Closed tleyden closed 7 years ago
The functional tests are passing, looking into this test failure locally:
pytest -s -p no:sugar --mode=di --server-version=4.6.1 --sync-gateway-version=5e5fd9c835494586cf9d273138c1791bba843fb5 -k test_server_goes_down_rebuild_channels testsuites/syncgateway/functional/topology_specific_tests/
Mobile-testkit logs: https://gist.github.com/tleyden/31a233acf78ad60240058d6ffd09d920
From last jenkins runs, looks like there is only one failing functional test at this point.
On cc79e1c500c67b79779316b6828f44d61845d177, running this functional test locally:
pytest -s -p no:sugar --mode=di --server-version=5.0.0-2827
--sync-gateway-version=cc79e1c500c67b79779316b6828f44d61845d177
-k test_db_offline_tap_loss_sanity[bucket_online_offline/bucket_online_offline_default_dcp-100]
testsuites/syncgateway/functional/tests/
Fails w/ these logs:
https://gist.github.com/tleyden/3072f68c1ec35ded82ad47719dd4c5b7
The problem seems to be that after the https://github.com/couchbase/sync_gateway/commit/e796b55f7924531ce0de7355a69c336e53e3a349 change, the offline handling is not working in the above test scenario. It worked before https://github.com/couchbase/sync_gateway/commit/e796b55f7924531ce0de7355a69c336e53e3a349 because that was (erroneously) using the go-couchbase driver rather than the gocb driver when SG was acting as a channel index reader (feedtype=DCPSHARD).
After fixing that in https://github.com/couchbase/sync_gateway/commit/e796b55f7924531ce0de7355a69c336e53e3a349 there isn't any mechanism in place for Sync Gateway to look for the bucket going offline when using gocb in channel index reader mode.
There seems to be two main places where the bucket is detected to be offline:
The first one works for both gocb and go-couchbase, but only in channel cache mode
The second one only works for go-couchbase, and so it looks like we'll need to add similar functionality for the cases when using the gocb driver to connect to the couchbase bucket.
I don't think this is necessarily a problem. The motivation for #1 was to allow Sync Gateways running in channel cache mode to detect when they'd lost the mutation feed, and go offline (since otherwise the feed was failing silently, and didn't result in any errors). This was particularly important because the mutation feed didn't reliably restart when the bucket became available again (unlike KV operations).
When running in channel index mode, I don't think there's the same requirement.
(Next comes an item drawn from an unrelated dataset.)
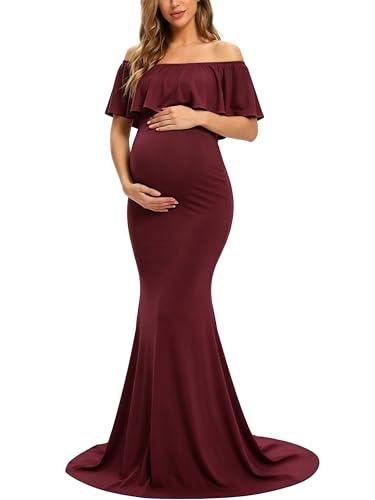 Glampunch Womens Off Shoulder Maternity Dress Ruffles Elegant Slim Gowns Fit Maxi Photography Dress Burgundy. XL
If the bucket connection is lost, individual requests will fail with error messages, and should recover on their own when the bucket connection is reestablished.
And just to restate - channel index readers shouldn't imply feedtype=DCPSHARD. It's more like feedtype=NONE, if anything.
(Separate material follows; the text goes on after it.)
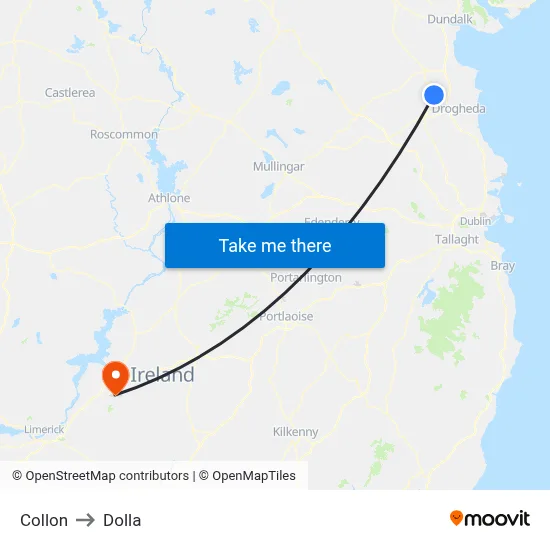 Collon to Dolla map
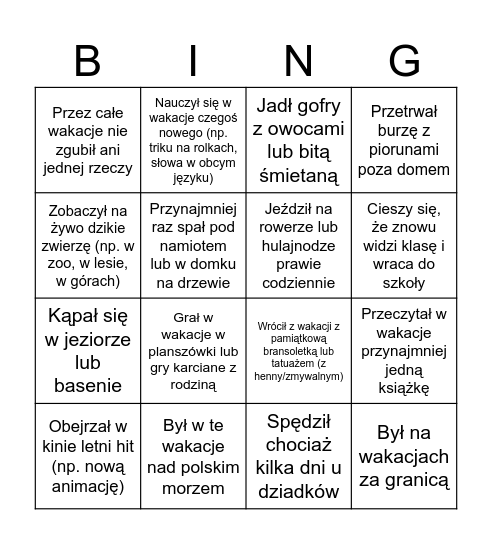 Bingo klasowe Bingo Card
And just to restate - channel index readers shouldn't imply feedtype=DCPSHARD. It's more like feedtype=NONE, if anything.
Yes, this threw me off. Here is the config file that mobile test-kit uses for the sync gateway node:
"databases":{
"db":{
"feed_type":"DCPSHARD",
"channel_index":{
"writer":false
}
}
}
That's a testkit issue. feed_type=DCPSHARD never needs to be specified in the config. Accel nodes are the only ones that use a sharded feed type, and they use that feed type by default (it doesn't need to be specified in the config).
The GoCB hybrid bucket was basically a crutch to scope limit the transition.
However, certain things that require type assertions get complicated, and it's probably better to drop the gocb hybrid bucket.
For example, when dealing with error handling, you might not know which bucket was actually used for the call to Couchbase Server, and so trying to figure out which kind of error it is gets complicated.
From last jenkins runs, looks like there is only one failing functional test at this point.
Failing functional tests
Base CC
Topology specific CC
Base DI
NOTE: test_continuous_changes_sanity[sync_gateway_default_functional_tests-10-10 failed in cen7-sync-gateway-functional-tests-base-di/496 but passed in a later rerun. More reruns in progress: rerun2 rerun3
Topology specific DI